Theoretical foundations of Machine Learning


This course is a comprehensive introduction to machine learning methods. If the difference between statistics and machine learning sometimes appears to be blurred, because some methods are common to both disciplines, the basic idea is that statistics is above all oriented towards the estimation of parameters, in order to interpret them, whereas machine learning is above all oriented towards prediction. The course will present a number of popular prediction algorithms. On the one hand, we will try to understand how to analyze from a mathematical point of view the performance of these algorithms.
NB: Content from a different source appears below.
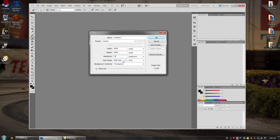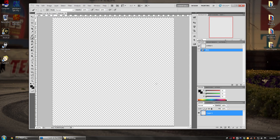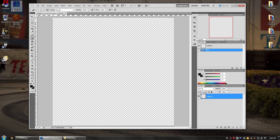Make sure your color mode is set to RGB, not CMYK or grayscale. RGB is the color mode you want to use, just like when you take your images. Once that's set, create your new canvas.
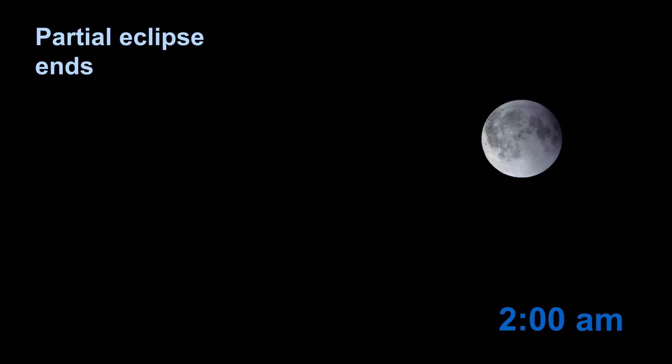In early times, eclipses were seen as evil omens. In fact, lunar eclipses are often called the blood moon. But there's nothing evil about an eclipse.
On the other hand, through R-based practice sessions, we will see how to use these methods in practice.

Evaluation mode:

The final grade of the course will be composed of the continuous assessment grade (33%) and the final exam (67%). The continuous assessment grade is equal to the mid-term grade, assessed during a machine test.



1 Introduction.
Difference between estimation (statistical) and prediction (ML); definition of loss functions, risk, empirical risk. Transition from the paradigm where the basic object is more the algorithm (ML) than the model (statistical).

2 Classification algorithms.
Methods from statistics, linear discrimination. Nearest neighbor method and other universally consistent methods. Decision trees and random forests.

3 Regression algorithms.
Least squares method. Penalization methods. RIDGE estimator. LASSO estimator.

4 Selection of estimators.
Discussion of empirical risk minimization methods. Learning and test data. Cross-validation.